With Data Profiling can apply the age old management adage “You get what you inspect, not what you expect” Readers Digest.
This article will describe how to implement a data profiling dashboard in Excel and a metadata repository as well as the TSQL required to load and update the repository.
Future articles will explore the data model as well as column and table relationship analysis using the Domain profiling results.
Data Profiling is essential to properly determine inconsistencies as well data transformation requirements for integration efforts.
It is also important to be able to communicate the general data quality for the datasets or tables you will be processing.
With the assistance over the years of a few friends(Joe Novella, Scott Morgan and Michael Capes) as well as the work of Stephan DeBlois, I have created a set of TSQL Scripts that will create a set of tables that will provide the statistics to present your clients with a Data Quality Scorecard comparable to existing vendor tools such as Informatica , Data Flux , Data Stage and the SSIS Data Profiling Task.
This article contains a Complete Data Profiling Kit – Download (Code, Excel Dashboards and Samples) providing capabilities similar to leading vendor tools, such as Informatica, Data Stage, Dataflux etc…
The primary difference is the repository is open and the code is also open and available and customizable. The profiling process has 4 steps as follows:
-
Create Table Statistics – Total count of records.
-
Create Column Statistics – Specific set of statistics for each column(i.e… minimum value, maximum value , distinct count, mode pattern, blank count, null count etc…)
-
Create Column Domain Statistics – domain count(count of unique vales),domain pattern(SSN=999-99-9999,ZIP = 99999-9999)

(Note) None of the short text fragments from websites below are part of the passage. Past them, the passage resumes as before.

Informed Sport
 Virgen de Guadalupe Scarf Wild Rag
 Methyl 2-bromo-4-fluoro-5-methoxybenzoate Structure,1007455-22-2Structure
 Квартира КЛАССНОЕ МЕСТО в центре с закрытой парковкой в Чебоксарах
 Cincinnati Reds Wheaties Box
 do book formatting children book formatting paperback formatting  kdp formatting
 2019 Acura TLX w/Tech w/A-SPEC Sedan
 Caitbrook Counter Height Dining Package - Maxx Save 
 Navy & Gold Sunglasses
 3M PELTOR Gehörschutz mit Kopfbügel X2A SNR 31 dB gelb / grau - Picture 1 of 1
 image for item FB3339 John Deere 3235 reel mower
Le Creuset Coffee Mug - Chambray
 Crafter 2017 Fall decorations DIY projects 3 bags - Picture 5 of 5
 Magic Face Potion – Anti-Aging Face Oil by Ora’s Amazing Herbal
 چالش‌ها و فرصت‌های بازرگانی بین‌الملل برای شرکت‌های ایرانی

Here is a sample of the Column Statistics Dashboard: There are three panels show one worksheet for a sample “Customers” file.
Complete Column Dashboard:
- DatabaseName – Source Data Base Name
- SchemaName – Source Schema Name
- TableName – Source Table Name
- ColumnName – Source Column Name within this Table
- RecordCount – Table record count
- DistinctDomainCount – The number of distinct values within entire table.
- UniqueDomainRatio – The ration of unique records to total records.
- MostPopularDomain – The most frequently occurring value for this column.
- MostPopularDomainCount – The total for the most popular domain.
- MostPopularDomainRatio – The ration for the most popular value to total number of values.
- MinDomain – The lowest value with in this column.
- First indicator for valid values violations.
- MaxDomain – The highest value with in this column.
- First indicator for valid values violations.
- MinDomainLength – Length in characters for the minimum domain.
- MaxDomainLength – Length in characters for the maximum domain.
- NullDomainCount – The number of nulls within this column.
- NullDomainRatio – The ration of nulls to total records.
- BlankDomainCount – The number of blanks within this column.
- BlankDomainRatio – The ration of blanks to total records.
- DistinctPatternCount – The number of Distant values within entire table.
- MostPopularPattern – The most frequently occurring pattern for this column.
- MostPopularPatternCount – The total for the most popular domain.
- MostPopularPatternRatio – The ration for the most popular pattern to total number of patterns.
- InferredDataType – The data inferred from the values.
Complete Dashboard:
Column Profiling Dashboard 1-3:
Column Profiling Dashboard 2-3:
Column Profiling Dashboard 3-3:
Domain Analysis:
In the example below you see an Excel Worksheet that contains a pivot table allowing you to examine a columns patterns , in this cse Zip code, and subsequently drill into the actual values related to one of the patterns. Notice the Zip code example, we will review the pattern “9999”, or Zip code with only 4 numeric digits. When you click on the pattern og “9999” the actual value is revealed is
Domain Analysis for ZipCode
Domain Analysis for Phone1
Running the Profiling Scripts Manually
Perquisites:
The scripts support two databases. One is the MetadataMart for storing the profiling results, the other is the source for your profiling.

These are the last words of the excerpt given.